Nur wenige Teamkameraden haben zum Thema Mesut Özil Stellung bezogen. Foto: dpa

Der Präsident und der Integrationsbeauftragte des DFB haben sich zum Fall Mesut Özil geäußert. Von seinen früheren Mitspielern ist dagegen wenig bis nichts zu hören.

München - Reinhard Grindel hat sich mittlerweile geäußert. Viel zu spät, aber immerhin. Auch Cacau, früher Nationalspieler, nun Integrationsbeauftragter des Deutschen Fußball-Bundes (DFB), meldete sich zu Wort. Viel zu spät, aber immerhin. Der gebürtige Brasilianer startete sogar eine regelrechte Medienoffensive, um zu Mesut Özil, dessen Rassismus-Vorwürfen und dessen Rücktritt aus der Nationalmannschaft Stellung zu beziehen. Der Rest? Ist Schweigen. Bundestrainer Joachim Löw etwa hat sich seit Wochen nicht mehr konkret zu Özil eingelassen.

Löw von Rücktritt überrascht

Erstaunlich genug. Löw hat Özil zu 92 Einsätzen für die Nationalmannschaft berufen, Özil war eine Art Lieblingsspieler des Bundestrainers - ist es womöglich noch. Außerdem sind beide über dieselbe Berateragentur verbunden. Vom Rücktritt, zumindest aber von dessen Zeitpunkt, wurde Löw jedoch überrascht, im Urlaub auf Sardinien. Kommentare zu Özil sind von dort bislang nicht zu hören oder lesen. Mindestens ebenso auffällig ist das Schweigen der bisherigen Mitspieler in der Nationalmannschaft. Zu ein paar netten Worten des Abschieds in den Sozialen Netzwerken konnten sich nur Jerome Boateng, Julian Draxler und Antonio Rüdiger aufraffen, sie sind (oder waren) gemeinsam mit Özil Teil der „Bling-Bling-Fraktion“ in der DFB-Auswahl. Ilkay Gündogan, der wie Özil wegen des Fotos mit dem türkischen Präsidenten Recep Tayyip Erdogan in der Kritik stand, sich aber dazu längst geäußert hatte, versah die drei Teile von Özils Erklärung mit Herzchen.
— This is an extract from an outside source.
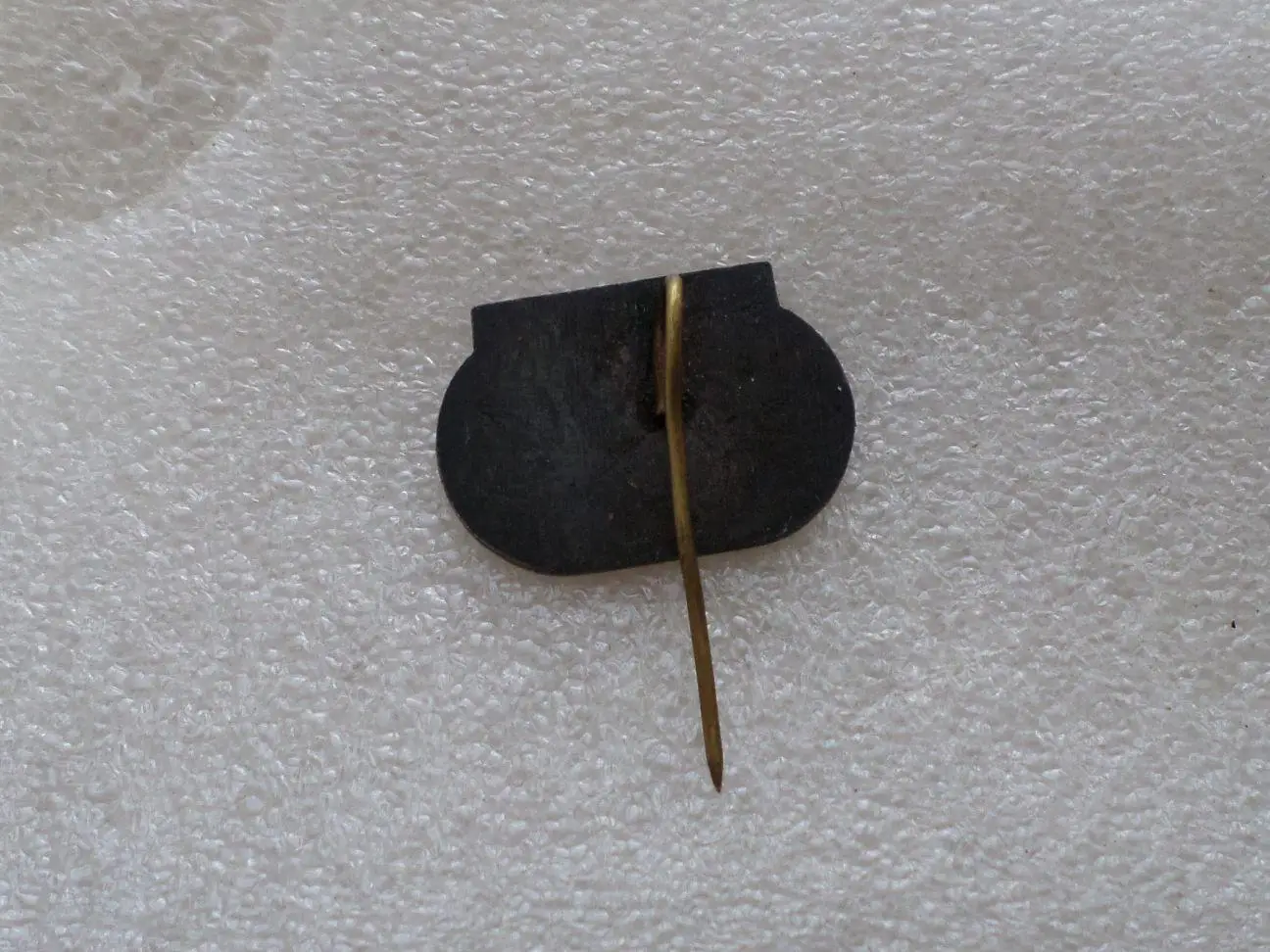 Легкоатлетический турнир СССР - США. Таллинн. тяжелый, Эстония 1974 год - 2. 1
„Özil hätte er einen schöneren Abschied verdient“

Und sonst? Mathias Ginter, Weltmeister und immerhin Mitglied des Kaders für die WM in Russland, sagte ausweichend in Bild, Özil werde „seine Gründe haben“, es sei schade, dass so ein Spieler aufhöre, aber er kenne auch die Hintergründe des ganzes Falles nicht so genau. Nils Petersen vom SC Freiburg, der Özil immerhin während der Vorbereitung in Südtirol kurz erlebt hatte, sagte, er finde es „schade, wenn Politik und Fußball vermischt werden“, und ja, „Özil hätte er einen schöneren Abschied verdient“. Ansonsten? Nichts. Manuel Neuer, immerhin der Kapitän, hat über sein Management ausrichten lassen, er werde sich äußern, jedoch erst zu gegebener Zeit. Sami Khedira, bisher ein meinungsstarker Führungsspieler in der DFB-Auswahl (wie Boateng), außerdem einer mit Migrationshintergrund (wie Boateng und Rüdiger), blieb zuletzt stumm - ebenso Spieler wie Thomas Müller, Mats Hummels oder Mario Gomez, deren durchaus dezidierte Äußerungen auch in der Öffentlichkeit für gewöhnlich Gehör finden.

Unruhe in der Mannschaft

Es steht zu vermuten, dass dieses Schweigen mehr sagt als tausend Worte. Es ist kein großes Geheimnis, dass Özil, dem der DFB darüber hinaus vor der WM einen Verzicht auf den Medientag im Trainingslager gestattete, auch in der Mannschaft mindestens für Unruhe gesorgt hatte. „Am Anfang hat das schon ein bisschen gestört in der Mannschaft, war sogar belastend“, hatte Kapitän Neuer gesagt. Ausgeräumt, wie er behauptete, wurden die Probleme wohl nicht, jedenfalls nicht vollständig. Unterstützung für Özil ist aus dem Kreis der Nationalspieler bislang jedenfalls nicht zu hören. Zu einer Aktion wie die der Schweden, die sich während der WM im wahrsten Sinne des Wortes hinter ihren rassistisch attackierten Mitspieler Jimmy Durmaz stellten, haben sich der DFB und Özils bisherige Kollegen schon gleich gar nicht aufraffen können. Oder wollen.